Counting down to liftoff. Dangerous trips to the upper reaches of Earth’s atmosphere. Gravitational forces powerful enough to pull blood from the eyes. The sound of immense power unleashed in barely controlled fury. Thundering toward the sun. Zero gravity.
Born in 1933 in Kansas City, Kan., Edward Joseph Dwight was an altar boy who visited the local airport every day, where he studied and drew the airplanes. He loved art, but his dream was to fly. “This was a white man’s world,” he said of his early passion. “I never thought for a minute that I would really fly an airplane. This was crazy.”
But a front-page story in his local newspaper fueled Dwight’s ambitions: The plane of an African-American pilot from his hometown had been shot down in Korea. “He was standing on a wing of a jet . . . and I was like, Oh my God, they’re letting Black folks fly jets,” he said during an interview.
Dwight enlisted in the U.S. Air Force in 1953, where he rose through the ranks: from cadet to second and then first lieutenant, and later, to captain. While training to become a test pilot, he attended night classes at Arizona State University, graduating in 1957.
On Nov. 4, 1961, Dwight received a signed letter from President Kennedy’s office that read: “I’m inviting you to become America’s first Negro astronaut . . . this is very exciting because if this project succeeds, you will probably end up being the greatest Negro that ever lived.”
The news brought immediate attention from local and international media: Dwight had become the first African American astronaut trainee.
A New York Times headline read: “Negro Astronaut Aiming for Moon.” The Indianapolis Recorder reported: “Kansas Native in Line as First Sepia Astronaut.” The United States Information Agency sent photos of Dwight to newspapers worldwide. “I was sending out 5,000 press photographs a month, and I made 176 speeches the first year,” Dwight told Ebony magazine in 1984.
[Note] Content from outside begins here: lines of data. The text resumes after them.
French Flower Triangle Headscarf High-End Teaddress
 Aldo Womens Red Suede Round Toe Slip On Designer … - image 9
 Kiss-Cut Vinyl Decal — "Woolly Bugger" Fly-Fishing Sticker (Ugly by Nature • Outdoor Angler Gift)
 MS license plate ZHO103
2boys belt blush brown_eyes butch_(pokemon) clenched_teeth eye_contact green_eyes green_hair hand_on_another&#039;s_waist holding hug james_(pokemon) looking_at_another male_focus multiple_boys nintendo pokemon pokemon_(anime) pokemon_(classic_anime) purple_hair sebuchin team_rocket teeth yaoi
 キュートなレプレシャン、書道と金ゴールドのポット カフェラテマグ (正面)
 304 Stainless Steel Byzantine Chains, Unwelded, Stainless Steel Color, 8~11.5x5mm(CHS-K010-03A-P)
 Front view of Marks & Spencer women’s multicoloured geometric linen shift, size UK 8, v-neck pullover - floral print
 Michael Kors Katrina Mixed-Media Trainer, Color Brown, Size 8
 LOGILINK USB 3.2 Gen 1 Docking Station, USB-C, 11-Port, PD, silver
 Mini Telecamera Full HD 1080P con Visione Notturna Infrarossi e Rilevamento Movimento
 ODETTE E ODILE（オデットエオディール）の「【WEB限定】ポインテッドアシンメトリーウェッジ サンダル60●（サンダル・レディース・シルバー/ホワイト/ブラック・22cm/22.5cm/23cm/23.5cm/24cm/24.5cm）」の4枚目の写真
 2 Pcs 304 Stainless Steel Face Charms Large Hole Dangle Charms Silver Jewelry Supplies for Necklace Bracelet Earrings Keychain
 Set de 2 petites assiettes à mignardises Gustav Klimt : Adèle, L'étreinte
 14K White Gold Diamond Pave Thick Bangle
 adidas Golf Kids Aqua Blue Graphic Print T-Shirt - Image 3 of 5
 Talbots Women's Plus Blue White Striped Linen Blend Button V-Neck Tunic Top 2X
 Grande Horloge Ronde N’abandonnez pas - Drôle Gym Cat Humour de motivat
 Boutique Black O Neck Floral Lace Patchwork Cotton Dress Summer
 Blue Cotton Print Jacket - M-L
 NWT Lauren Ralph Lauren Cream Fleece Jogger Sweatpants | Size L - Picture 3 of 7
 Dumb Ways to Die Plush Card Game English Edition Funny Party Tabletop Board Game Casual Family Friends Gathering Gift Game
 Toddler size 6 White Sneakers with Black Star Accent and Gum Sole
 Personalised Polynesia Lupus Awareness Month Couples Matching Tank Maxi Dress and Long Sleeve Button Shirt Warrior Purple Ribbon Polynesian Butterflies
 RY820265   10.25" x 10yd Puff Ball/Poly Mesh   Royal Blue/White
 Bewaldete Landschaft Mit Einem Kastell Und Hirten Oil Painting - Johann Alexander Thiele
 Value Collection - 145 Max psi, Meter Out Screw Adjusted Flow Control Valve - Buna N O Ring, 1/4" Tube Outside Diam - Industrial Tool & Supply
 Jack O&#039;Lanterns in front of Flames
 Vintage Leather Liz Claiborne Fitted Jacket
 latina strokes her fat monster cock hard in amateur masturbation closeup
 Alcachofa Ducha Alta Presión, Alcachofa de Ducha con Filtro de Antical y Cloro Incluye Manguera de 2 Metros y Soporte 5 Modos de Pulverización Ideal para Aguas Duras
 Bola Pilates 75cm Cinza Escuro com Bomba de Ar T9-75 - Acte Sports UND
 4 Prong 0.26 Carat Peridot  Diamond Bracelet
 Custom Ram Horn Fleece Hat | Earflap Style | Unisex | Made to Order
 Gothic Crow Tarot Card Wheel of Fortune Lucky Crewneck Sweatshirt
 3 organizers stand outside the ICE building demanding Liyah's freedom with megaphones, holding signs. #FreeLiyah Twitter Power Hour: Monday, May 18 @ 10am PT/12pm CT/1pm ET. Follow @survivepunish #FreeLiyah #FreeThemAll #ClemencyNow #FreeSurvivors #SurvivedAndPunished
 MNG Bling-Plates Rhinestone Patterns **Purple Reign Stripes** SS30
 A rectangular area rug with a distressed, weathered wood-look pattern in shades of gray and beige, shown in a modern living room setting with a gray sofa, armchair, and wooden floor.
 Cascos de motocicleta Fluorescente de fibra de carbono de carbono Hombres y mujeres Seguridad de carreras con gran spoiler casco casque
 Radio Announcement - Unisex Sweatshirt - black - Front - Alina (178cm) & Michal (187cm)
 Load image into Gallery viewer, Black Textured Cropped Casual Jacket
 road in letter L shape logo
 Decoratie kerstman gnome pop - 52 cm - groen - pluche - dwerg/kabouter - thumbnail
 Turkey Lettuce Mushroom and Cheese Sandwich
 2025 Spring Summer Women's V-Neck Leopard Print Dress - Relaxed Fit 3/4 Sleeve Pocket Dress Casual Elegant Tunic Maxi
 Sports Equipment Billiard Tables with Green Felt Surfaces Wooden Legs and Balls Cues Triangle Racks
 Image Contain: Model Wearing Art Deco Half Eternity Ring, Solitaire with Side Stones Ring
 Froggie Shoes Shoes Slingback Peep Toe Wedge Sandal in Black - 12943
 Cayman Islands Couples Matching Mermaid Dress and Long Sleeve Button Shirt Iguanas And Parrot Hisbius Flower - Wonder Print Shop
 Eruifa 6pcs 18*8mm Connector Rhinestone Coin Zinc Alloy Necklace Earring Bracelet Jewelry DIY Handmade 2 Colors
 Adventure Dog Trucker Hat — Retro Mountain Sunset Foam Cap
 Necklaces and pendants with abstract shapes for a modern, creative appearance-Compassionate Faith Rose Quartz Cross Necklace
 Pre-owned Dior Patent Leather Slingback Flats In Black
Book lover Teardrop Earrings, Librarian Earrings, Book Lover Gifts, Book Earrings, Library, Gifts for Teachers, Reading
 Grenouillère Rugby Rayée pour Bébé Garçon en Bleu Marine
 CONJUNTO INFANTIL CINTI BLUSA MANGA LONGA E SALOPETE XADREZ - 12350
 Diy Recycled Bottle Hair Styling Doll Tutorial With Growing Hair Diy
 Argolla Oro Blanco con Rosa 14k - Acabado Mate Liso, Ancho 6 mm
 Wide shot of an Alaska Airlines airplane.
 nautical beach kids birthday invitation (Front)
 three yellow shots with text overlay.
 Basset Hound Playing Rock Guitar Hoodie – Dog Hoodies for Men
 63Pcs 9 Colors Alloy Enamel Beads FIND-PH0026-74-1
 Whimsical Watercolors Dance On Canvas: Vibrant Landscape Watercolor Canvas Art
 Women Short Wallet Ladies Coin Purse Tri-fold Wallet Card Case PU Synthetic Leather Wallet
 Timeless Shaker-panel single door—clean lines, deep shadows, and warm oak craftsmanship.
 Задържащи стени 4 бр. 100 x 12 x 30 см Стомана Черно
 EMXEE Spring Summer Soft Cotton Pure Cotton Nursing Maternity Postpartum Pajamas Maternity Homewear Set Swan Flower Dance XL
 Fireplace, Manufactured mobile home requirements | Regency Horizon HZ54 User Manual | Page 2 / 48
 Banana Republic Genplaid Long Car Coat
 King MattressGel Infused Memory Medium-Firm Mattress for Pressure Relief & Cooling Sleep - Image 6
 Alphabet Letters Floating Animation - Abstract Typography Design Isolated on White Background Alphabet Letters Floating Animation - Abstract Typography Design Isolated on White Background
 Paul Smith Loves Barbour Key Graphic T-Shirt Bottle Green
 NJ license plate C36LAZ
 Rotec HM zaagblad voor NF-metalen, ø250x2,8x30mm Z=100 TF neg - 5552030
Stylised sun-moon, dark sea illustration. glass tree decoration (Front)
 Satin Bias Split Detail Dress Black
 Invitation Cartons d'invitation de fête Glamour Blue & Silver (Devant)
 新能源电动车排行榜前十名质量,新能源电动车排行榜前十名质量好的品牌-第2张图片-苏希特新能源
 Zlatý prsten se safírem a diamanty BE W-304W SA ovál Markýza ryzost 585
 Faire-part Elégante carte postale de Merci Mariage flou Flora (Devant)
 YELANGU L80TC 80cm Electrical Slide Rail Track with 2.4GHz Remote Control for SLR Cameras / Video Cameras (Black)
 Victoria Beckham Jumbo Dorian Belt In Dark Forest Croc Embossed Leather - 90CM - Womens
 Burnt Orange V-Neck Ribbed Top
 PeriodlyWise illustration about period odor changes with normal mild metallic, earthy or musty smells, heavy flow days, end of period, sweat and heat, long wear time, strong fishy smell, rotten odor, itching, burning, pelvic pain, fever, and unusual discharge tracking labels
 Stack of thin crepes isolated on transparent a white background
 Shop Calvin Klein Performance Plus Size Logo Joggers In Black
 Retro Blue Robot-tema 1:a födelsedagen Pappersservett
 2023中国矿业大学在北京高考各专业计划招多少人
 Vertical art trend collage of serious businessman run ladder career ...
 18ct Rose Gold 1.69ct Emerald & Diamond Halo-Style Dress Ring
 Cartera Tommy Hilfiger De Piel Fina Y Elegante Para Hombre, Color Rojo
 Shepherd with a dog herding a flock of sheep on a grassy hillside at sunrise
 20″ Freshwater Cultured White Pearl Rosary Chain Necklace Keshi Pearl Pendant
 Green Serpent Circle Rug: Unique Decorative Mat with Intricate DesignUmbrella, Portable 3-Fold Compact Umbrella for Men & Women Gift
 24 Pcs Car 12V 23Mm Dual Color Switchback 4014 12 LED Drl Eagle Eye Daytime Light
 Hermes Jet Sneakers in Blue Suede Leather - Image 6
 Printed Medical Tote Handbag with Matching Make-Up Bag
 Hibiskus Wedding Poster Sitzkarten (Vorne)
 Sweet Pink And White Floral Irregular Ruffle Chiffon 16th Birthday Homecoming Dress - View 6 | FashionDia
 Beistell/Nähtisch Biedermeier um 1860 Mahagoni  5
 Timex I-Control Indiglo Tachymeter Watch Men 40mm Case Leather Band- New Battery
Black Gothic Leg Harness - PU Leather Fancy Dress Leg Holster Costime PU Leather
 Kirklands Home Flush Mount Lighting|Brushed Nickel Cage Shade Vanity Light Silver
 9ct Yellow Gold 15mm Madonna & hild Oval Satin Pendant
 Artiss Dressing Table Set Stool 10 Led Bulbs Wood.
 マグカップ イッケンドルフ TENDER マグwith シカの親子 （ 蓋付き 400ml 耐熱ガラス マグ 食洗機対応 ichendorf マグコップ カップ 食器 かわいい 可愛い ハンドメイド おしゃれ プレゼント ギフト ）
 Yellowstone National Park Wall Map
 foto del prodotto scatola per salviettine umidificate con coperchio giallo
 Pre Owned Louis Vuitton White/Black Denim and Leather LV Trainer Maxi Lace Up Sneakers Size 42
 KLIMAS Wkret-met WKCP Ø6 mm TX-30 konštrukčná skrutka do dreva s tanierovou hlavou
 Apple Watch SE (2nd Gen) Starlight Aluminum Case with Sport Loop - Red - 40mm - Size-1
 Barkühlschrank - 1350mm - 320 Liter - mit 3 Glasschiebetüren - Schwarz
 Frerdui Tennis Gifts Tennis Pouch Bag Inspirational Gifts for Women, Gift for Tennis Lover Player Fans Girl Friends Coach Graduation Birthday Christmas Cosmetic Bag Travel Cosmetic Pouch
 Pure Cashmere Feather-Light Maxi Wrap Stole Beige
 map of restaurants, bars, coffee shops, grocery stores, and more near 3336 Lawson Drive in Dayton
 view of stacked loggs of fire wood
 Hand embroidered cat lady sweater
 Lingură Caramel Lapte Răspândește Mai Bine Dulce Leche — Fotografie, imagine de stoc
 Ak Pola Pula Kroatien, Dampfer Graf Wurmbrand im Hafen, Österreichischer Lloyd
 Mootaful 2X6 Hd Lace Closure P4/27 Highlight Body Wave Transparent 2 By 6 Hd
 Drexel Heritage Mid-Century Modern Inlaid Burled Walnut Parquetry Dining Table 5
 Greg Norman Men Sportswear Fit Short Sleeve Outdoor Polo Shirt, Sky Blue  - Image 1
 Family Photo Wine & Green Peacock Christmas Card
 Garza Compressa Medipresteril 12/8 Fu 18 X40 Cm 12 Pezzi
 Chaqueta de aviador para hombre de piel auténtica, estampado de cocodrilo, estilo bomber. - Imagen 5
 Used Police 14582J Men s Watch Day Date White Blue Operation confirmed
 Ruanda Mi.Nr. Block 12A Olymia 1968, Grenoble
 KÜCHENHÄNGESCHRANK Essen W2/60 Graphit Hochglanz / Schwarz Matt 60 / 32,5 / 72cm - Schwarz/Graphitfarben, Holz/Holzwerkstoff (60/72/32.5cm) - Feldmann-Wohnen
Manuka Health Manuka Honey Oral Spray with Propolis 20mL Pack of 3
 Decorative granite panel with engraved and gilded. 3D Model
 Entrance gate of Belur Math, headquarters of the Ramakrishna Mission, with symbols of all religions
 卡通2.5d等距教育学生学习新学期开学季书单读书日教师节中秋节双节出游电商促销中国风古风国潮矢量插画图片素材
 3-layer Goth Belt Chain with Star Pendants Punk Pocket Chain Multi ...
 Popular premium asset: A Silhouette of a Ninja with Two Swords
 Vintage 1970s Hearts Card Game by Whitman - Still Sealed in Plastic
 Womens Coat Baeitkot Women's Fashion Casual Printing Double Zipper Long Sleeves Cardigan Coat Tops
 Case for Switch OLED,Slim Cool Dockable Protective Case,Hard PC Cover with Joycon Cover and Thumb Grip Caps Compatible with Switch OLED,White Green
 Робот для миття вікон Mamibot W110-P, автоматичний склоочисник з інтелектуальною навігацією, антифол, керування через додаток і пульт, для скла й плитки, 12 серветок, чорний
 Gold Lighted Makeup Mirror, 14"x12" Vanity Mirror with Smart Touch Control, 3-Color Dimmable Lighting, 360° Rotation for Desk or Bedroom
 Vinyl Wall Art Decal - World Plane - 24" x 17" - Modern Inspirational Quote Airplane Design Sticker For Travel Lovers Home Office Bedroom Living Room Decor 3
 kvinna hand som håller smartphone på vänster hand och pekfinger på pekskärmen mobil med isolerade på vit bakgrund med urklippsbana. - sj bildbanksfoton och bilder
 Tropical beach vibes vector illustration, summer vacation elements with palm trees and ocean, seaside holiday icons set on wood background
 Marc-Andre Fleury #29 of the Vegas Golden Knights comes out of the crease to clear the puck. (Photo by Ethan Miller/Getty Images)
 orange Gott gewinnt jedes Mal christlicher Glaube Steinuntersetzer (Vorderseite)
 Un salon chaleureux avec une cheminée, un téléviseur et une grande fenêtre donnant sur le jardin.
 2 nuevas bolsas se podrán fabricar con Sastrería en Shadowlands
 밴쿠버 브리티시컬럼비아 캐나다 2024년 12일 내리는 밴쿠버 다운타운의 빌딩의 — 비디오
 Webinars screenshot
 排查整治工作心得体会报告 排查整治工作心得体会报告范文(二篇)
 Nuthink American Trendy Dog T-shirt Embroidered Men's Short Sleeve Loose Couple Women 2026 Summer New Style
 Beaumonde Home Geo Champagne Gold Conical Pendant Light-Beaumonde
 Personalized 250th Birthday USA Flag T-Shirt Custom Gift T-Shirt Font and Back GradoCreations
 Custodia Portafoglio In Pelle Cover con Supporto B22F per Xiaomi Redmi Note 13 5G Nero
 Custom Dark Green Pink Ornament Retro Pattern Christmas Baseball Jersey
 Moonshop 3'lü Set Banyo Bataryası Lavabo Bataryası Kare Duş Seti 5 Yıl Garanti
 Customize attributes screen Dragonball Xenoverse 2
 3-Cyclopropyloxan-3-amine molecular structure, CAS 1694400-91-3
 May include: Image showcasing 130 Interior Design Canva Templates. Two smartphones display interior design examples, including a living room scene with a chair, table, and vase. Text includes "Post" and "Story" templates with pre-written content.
The civil rights movement and the space race seemed to have embraced. But after Pres. Kennedy’s assassination, NASA did not select Dwight. He later shared that the racial politics and a lack of career opportunities encouraged him to resign from the Air Force in 1966, never having gone into space.
He then worked a few jobs and eventually moved to Denver, Colo., where he would resume one of his childhood passions: art.
Dwight studied at the University of Denver, earning his MFA in 1977. During that time, he gained a reputation as a sculptor.
Now 85, Dwight’s private Denver studio, Ed Dwight Studios, is one of the largest privately owned production and marketing facilities in the western United States.
His commissions include: Underground Railroad Memorial, Patterson, N.J.; Denmark Vesey, Charleston, S.C.; Medgar Evers Memorial, Alcorn, Miss.; Martin Luther Jr. & Coretta Scott King Memorial, Allentown, Pa.; and Tulsa Race Riot Memorial, Tulsa, Okla.